Pentip Voluntary Aided Church in Wales Primary is a “very caring school” where pupils feel supported, but standards across the board are not good enough, warns a report from education watchdog Estyn.
There are enough staff to deliver the curriculum but it is not being done well enough and improvements are needed across all areas looked at, inspectors found.
Many pupils who are more able do not achieve as well as they could, the report says, adding: “Many pupils in the Foundation Phase (aged four to seven) make slow progress in learning letters and sounds.
“As a result, they make inconsistent progress in reading.”
On top of this, inspectors found: “Adults’ subject knowledge is not always secure enough to enable pupils to make good progress, for example in reading.”
Standards, leadership and management, teaching and learning experiences were all judged unsatisfactory and in need of urgent improvement by Estyn while wellbeing and attitudes to learning and care, support and guidance were deemed adequate but in need of improvement.
Around 18% of the 156 pupils aged four to 11 are eligible for free school meals, which is in line with the average for Wales.
A further 23% have special educational needs, which is slightly higher than average.
Most pupils are white British, “very few” speak Welsh at home and a few speak English as a second language.
The report adds that pupils feel safe, enjoy coming to school, are polite and want to do well: “This is a very caring school where nearly all pupils feel happy and safe. They are cheerful and polite and play and work together harmoniously.
“Pupils’ behaviour in classes and around the school is good. Most pupils work hard and are keen to do well.
“Most pupils’ progress accelerates in upper key stage 2 (years 5 and 6) but because their earlier progress is slow, many pupils do not make good enough progress from their starting points. This is especially the case for pupils who are more able.”
On teaching, inspectors add: “The quality of teaching is variable and, in a majority of classes, teachers do not challenge pupils at an appropriate level.
“Overall, leaders and managers do not monitor standards of teaching and learning rigorously enough. Currently, they do not demonstrate the capacity to bring about necessary improvements.”

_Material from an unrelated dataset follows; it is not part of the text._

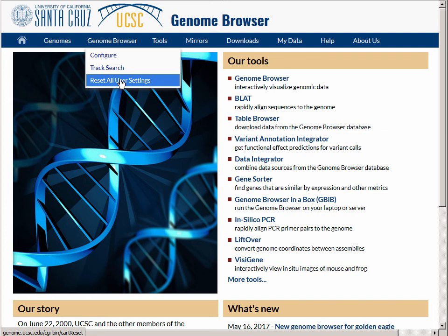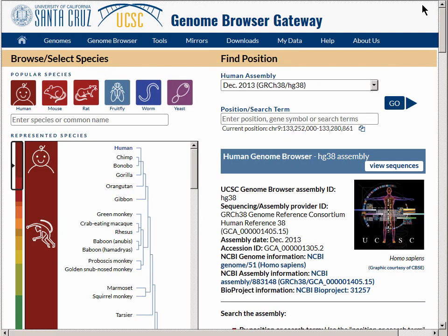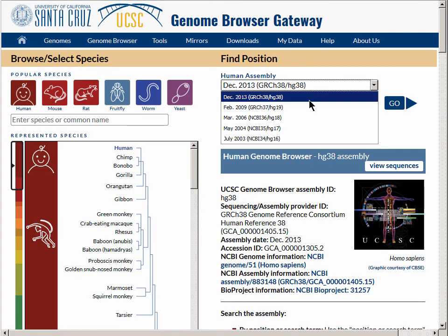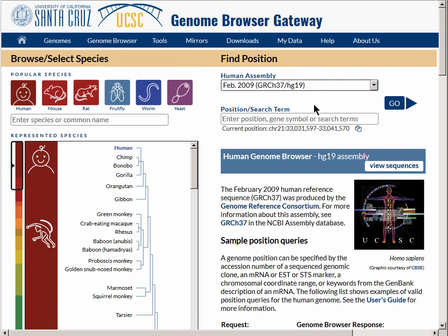This sets the browser at the HG38 default genome assembly, and we will switch to the HG19 genome assembly for this demonstration. The Go button takes us to the browser graphic.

“Over-direction of learning by adults leads to limited pupil progress. Opportunities for pupils to engage in high quality activities that develop their independent learning are limited, the quality of many activities is poor.”

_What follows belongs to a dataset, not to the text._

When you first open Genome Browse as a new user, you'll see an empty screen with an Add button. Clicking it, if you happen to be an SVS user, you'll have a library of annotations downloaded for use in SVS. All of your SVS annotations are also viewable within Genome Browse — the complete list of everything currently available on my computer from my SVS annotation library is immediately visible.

Putting the school in special measures, Estyn made seven recommendations, including to raise pupils’ standards in writing and numeracy across the curriculum and to improve teaching by raising teachers’ expectations of what pupils can achieve.
The school will now draw up an action plan to show how it is going to address the recommendations.
Pentip Voluntary Aided Church in Wales Primary School, in Llanelli.